Where the ambiguity of evil in the original was more acute because morality was kept largely within the central child's point of view, here we get background hints and references about god, and there is a policeman (Elias Koteas) on the case, too, which makes you wonder if America can ever get around its obsession with the blinkers of good and evil. Viewed in complete isolation, this is a very accomplished film – though much in the same way a reproduction of a master painting looks pretty good to the uninitiated.
I'm sure Todd Phillips would like to reproduce the success of his previous comedy The Hangover. His lustre has earned him the right now to work with Robert Downey Jr. And in Due Date – a road comedy with little mileage – he reunites with Jake Galifianakis, that shaggy-bearded, pratfall-loving schlub who causes nothing but trouble.

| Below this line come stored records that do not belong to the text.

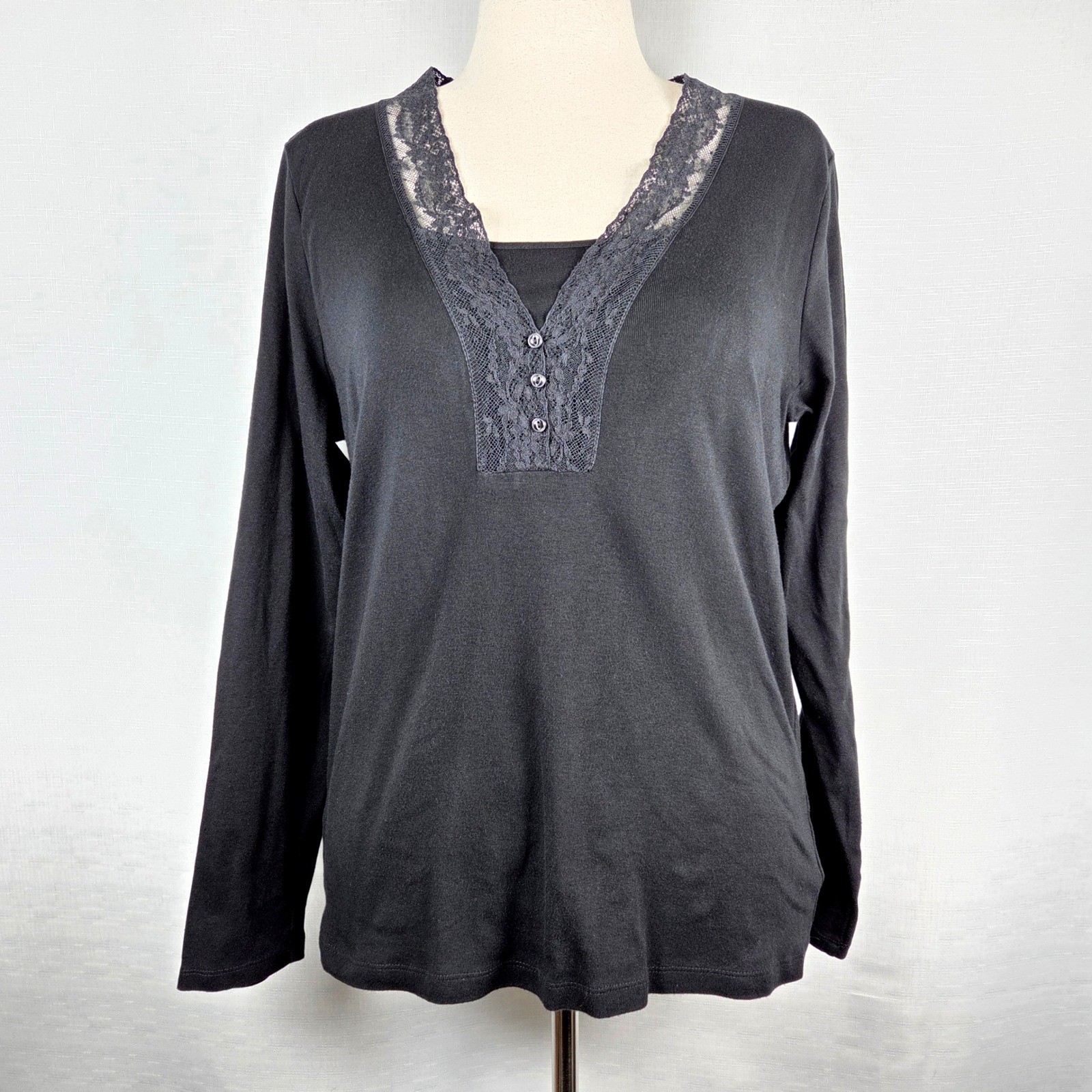 Lauren Ralph Lauren Women’s XL Black Lace Trim Long Sleeve Knit Top V Neck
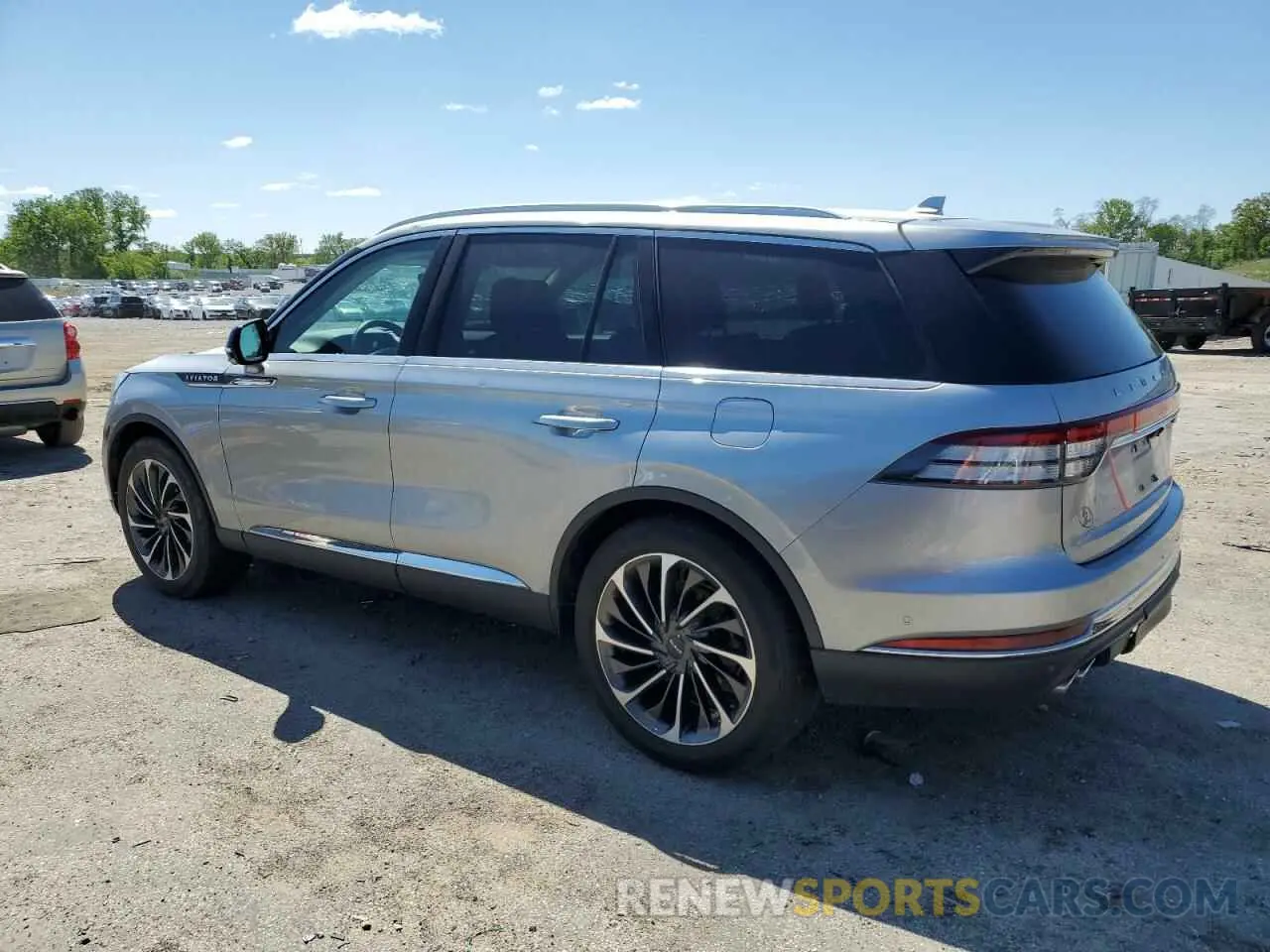 2 fotografías del automóvil dañado 5LM5J7XC4LGL20616 LINCOLN AVIATOR 2020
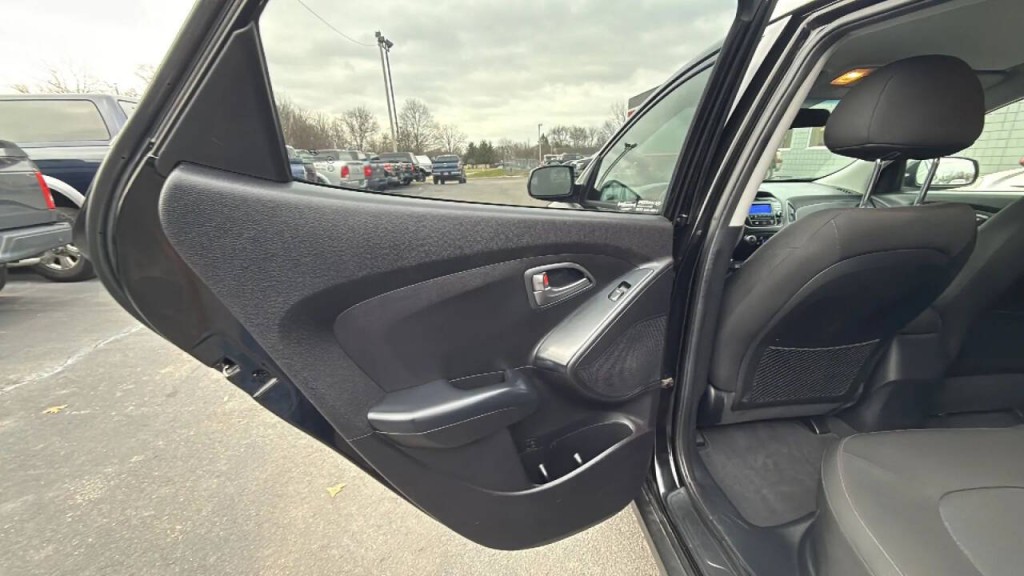 2014 Hyundai Tucson Image 11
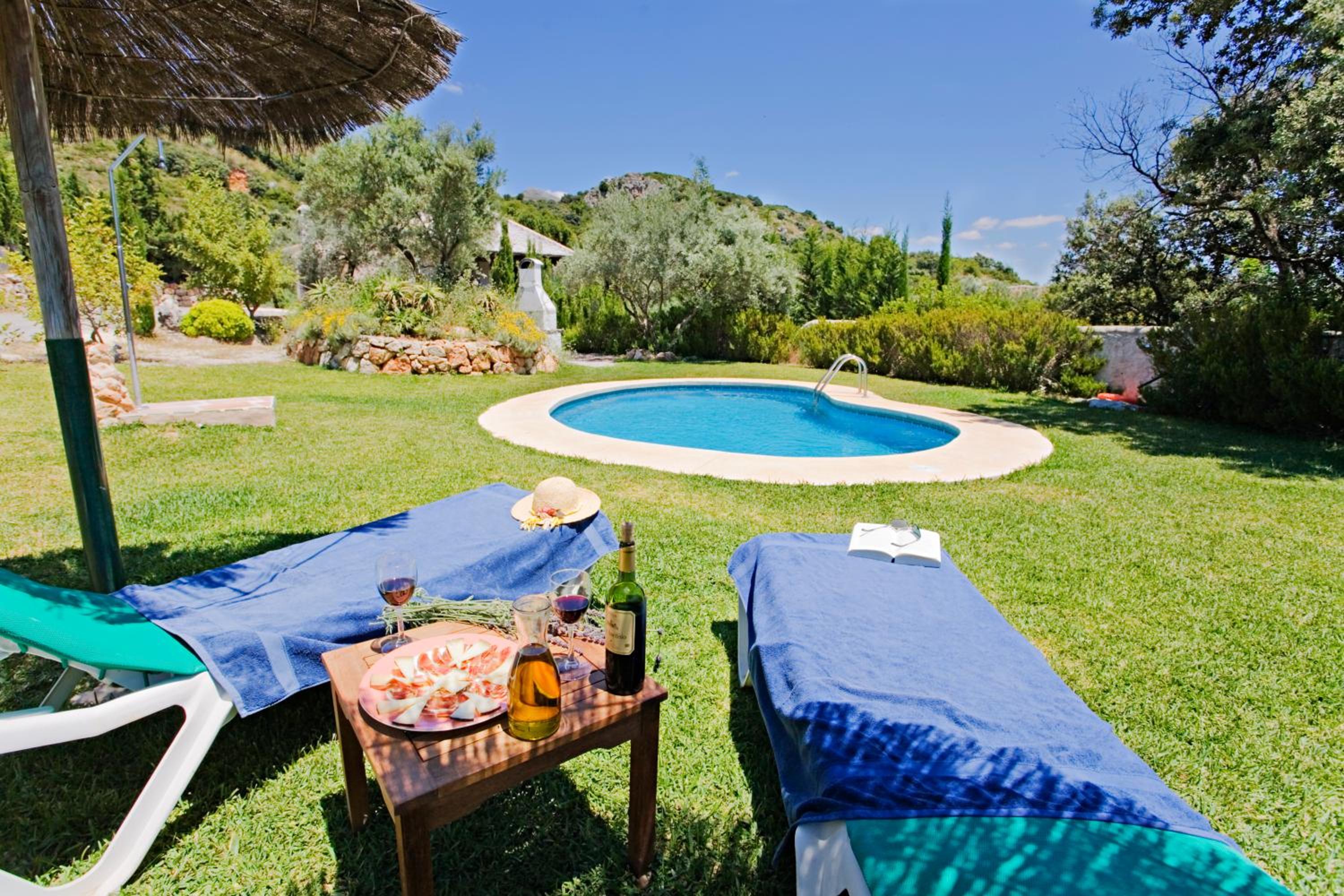 Villa photo 2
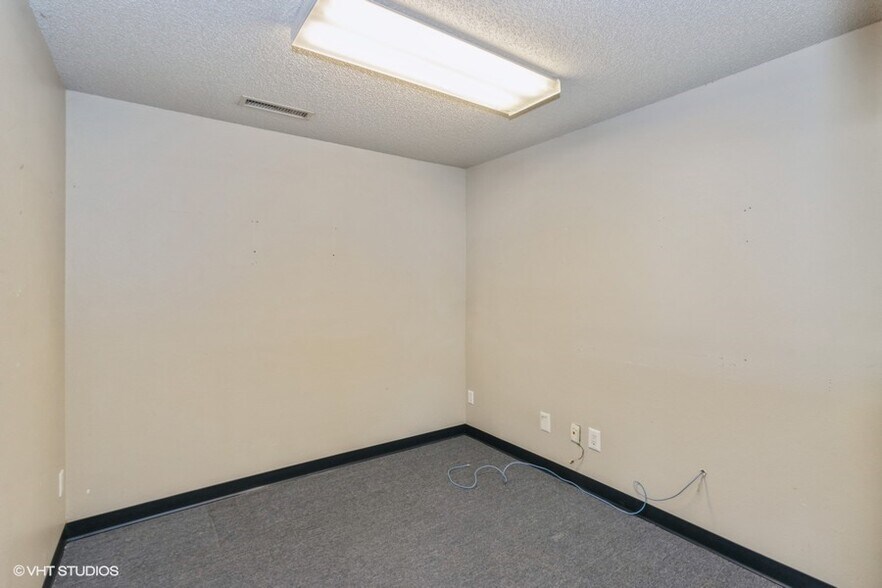 More Photos Of 1207 Highland Ct, Iowa City Showroom For Lease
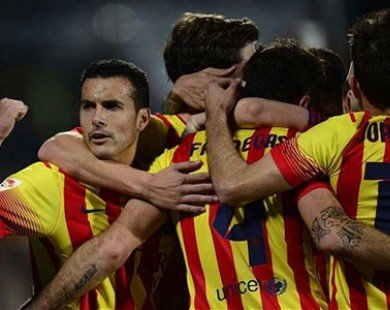 Pedro lập hat-trick, Barcelona lội ngược dòng khó tin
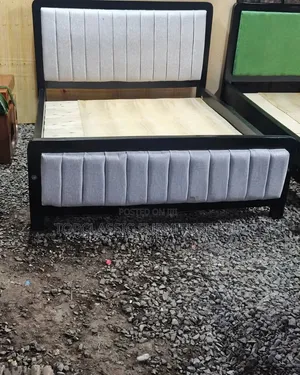 Mocket Bed 5x6 With Harshly Blue With Chocolate Frame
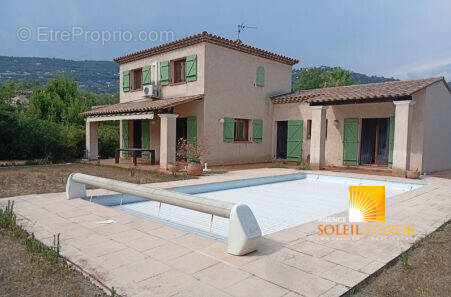 Maison à PEYMEINADE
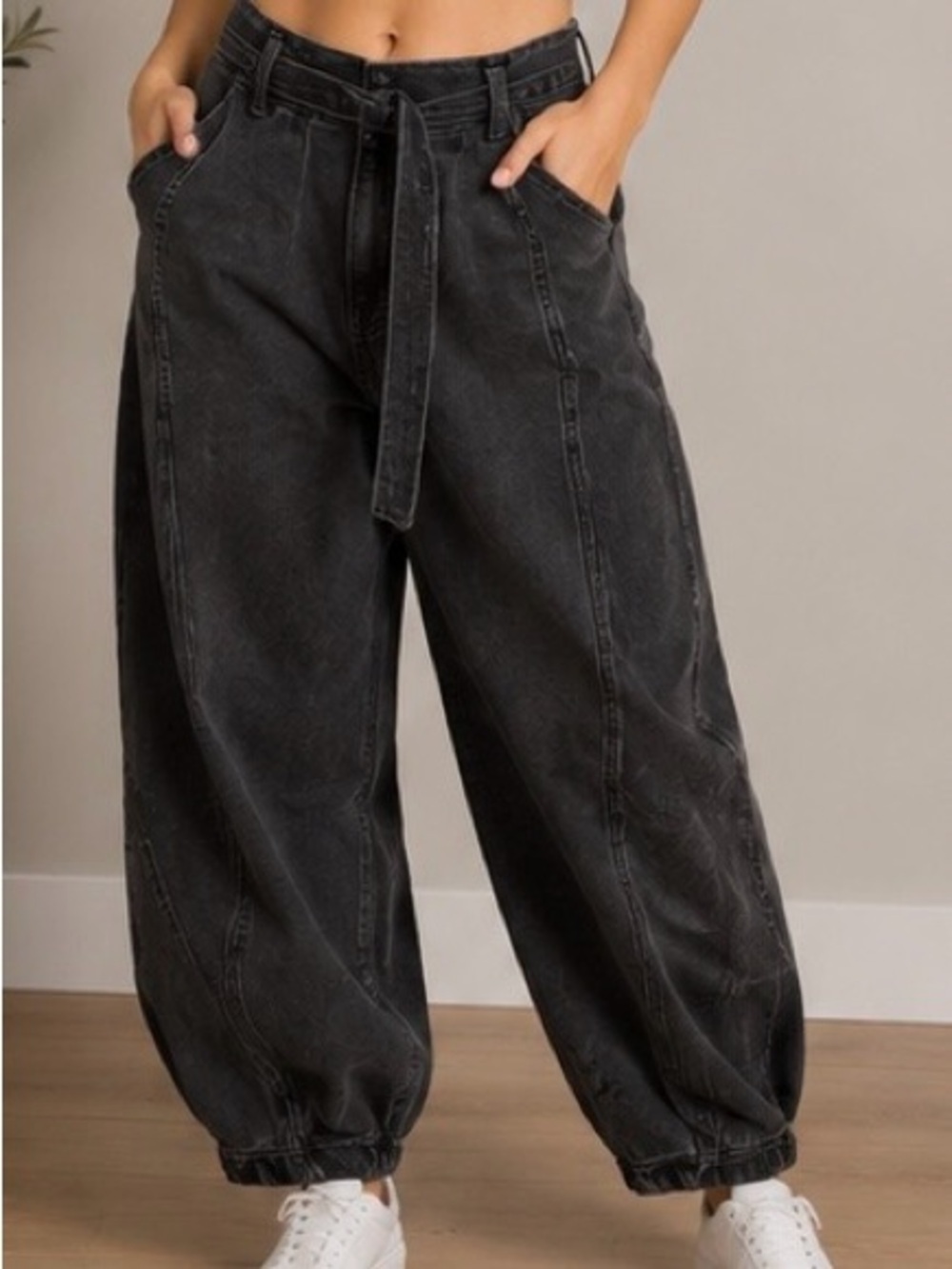Free people We The free balloon barrel Pants - black high waist tie size XS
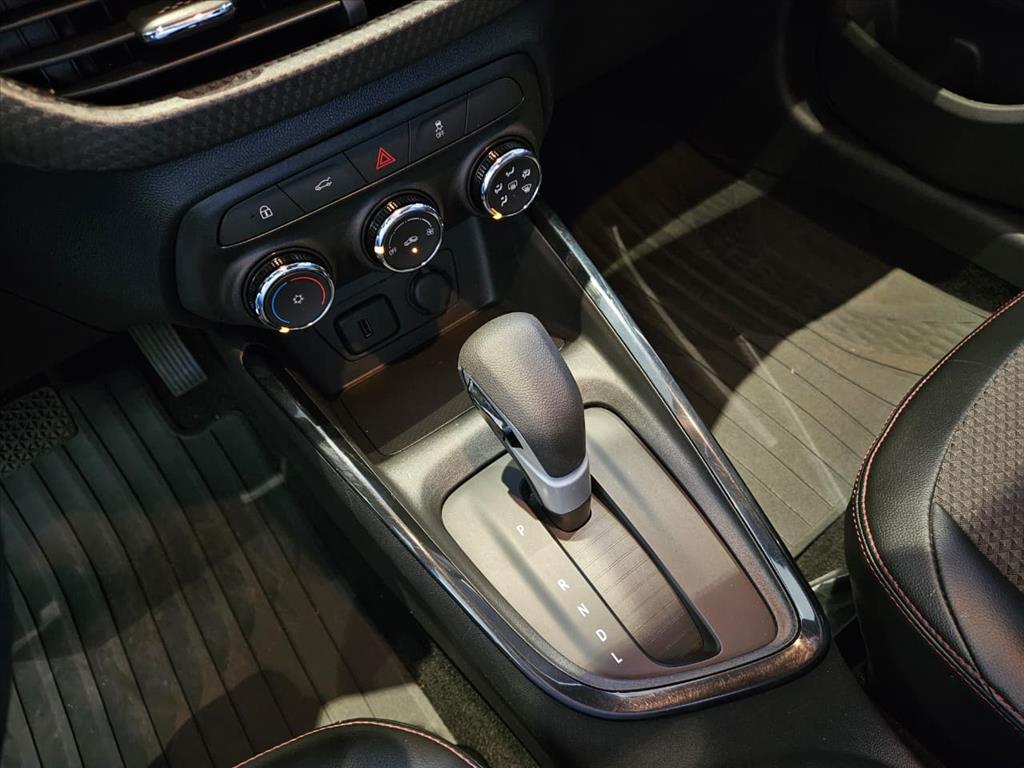 ONIX 1.0 TURBO FLEX RS AUTOMÁTICO9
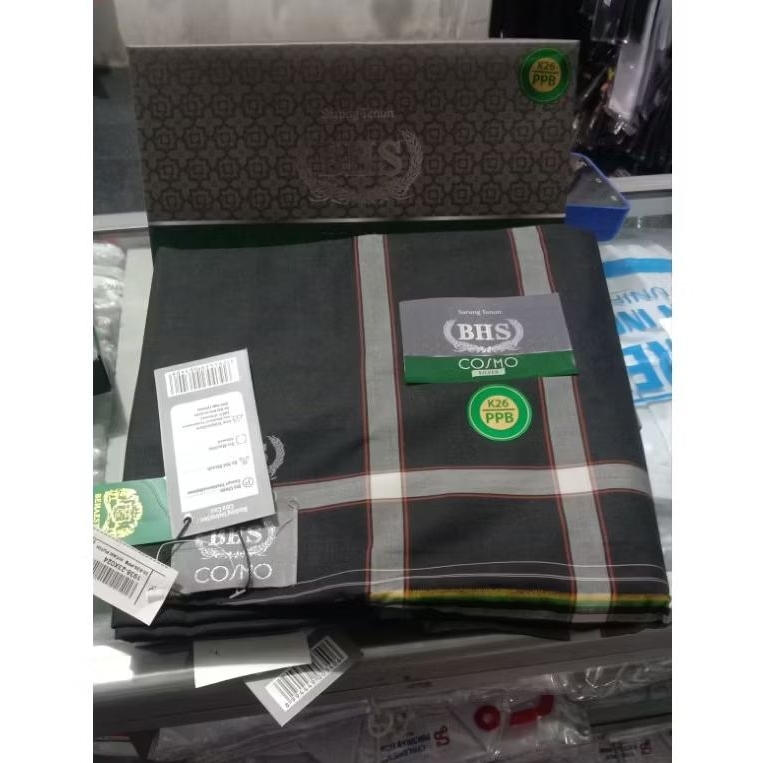 Sarung BHS Cosmo Original Motif Kombinasi Kotak Salur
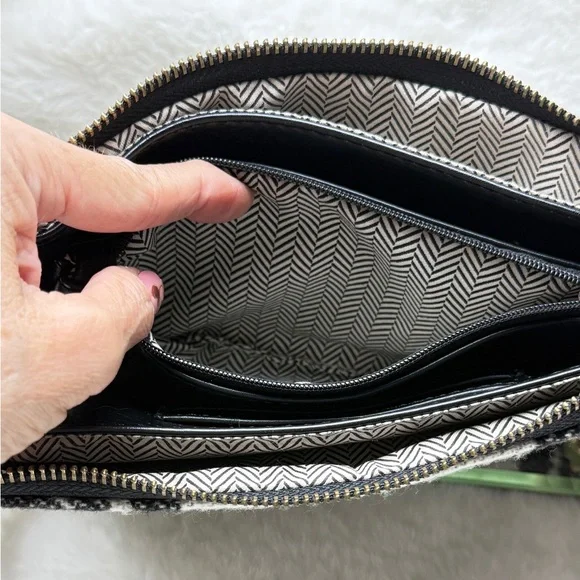 Jen & Co wristlet wallet, Crossbody Bag - Picture 8 of 14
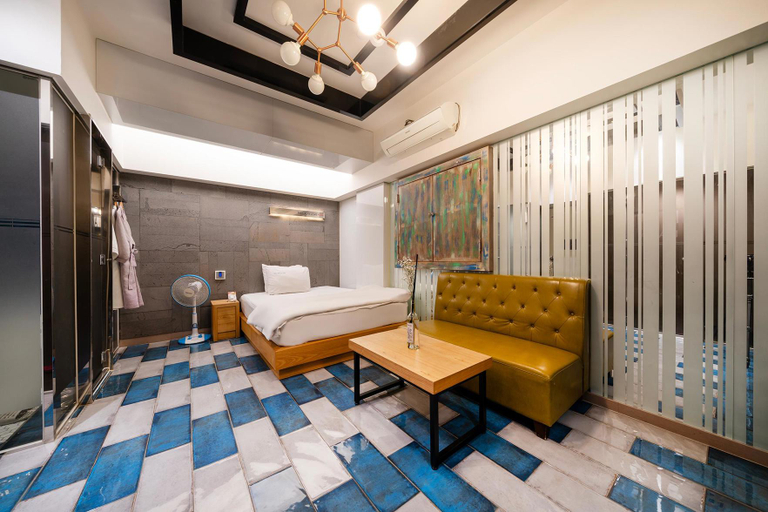 Bedroom 3, Daegu Dongseong-ro Nana, Buk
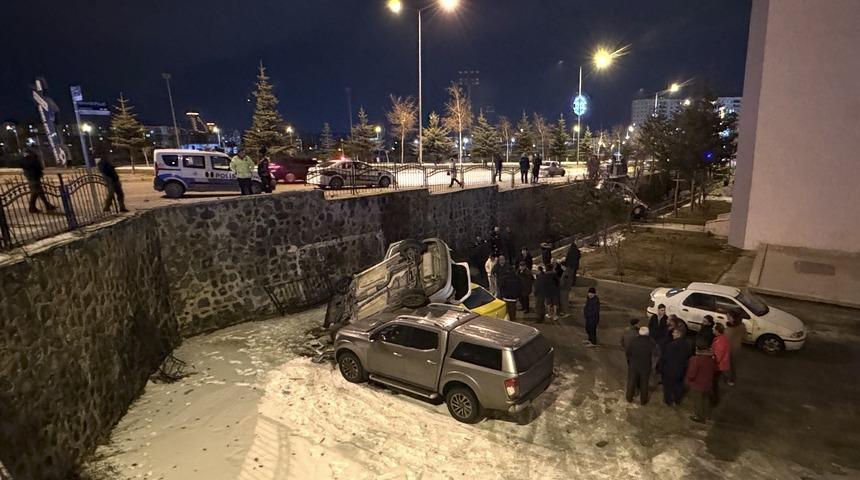 Erzurum'da, iki otomobilin çarpıştığı kazada sürücüler yaralandı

Downey Jr's Peter is an anal architect who is flying home to LA for the birth of his first child. Galifianakis' Ethan Tremblay is a fey, pot-smoking, wannabe actor who keeps a dog in a bag and makes Peter's life hell. It's the clichéd odd couple: uptight pain-in-the-ass and easy-going mess. Phillips revels in misfortune and awkward contrivance. He has them kicked off their flight and forces them to drive across America together. Ethan masturbates in the car, drives them off a bridge and stands by while Peter is beaten up by a wheelchair-bound Iraq vet. The humour is mean-spirited but does produce a few titters. Downey Jr is so good an actor you hardly notice he's slumming it. Without the presence of both stars, however, there's little humming under the hood.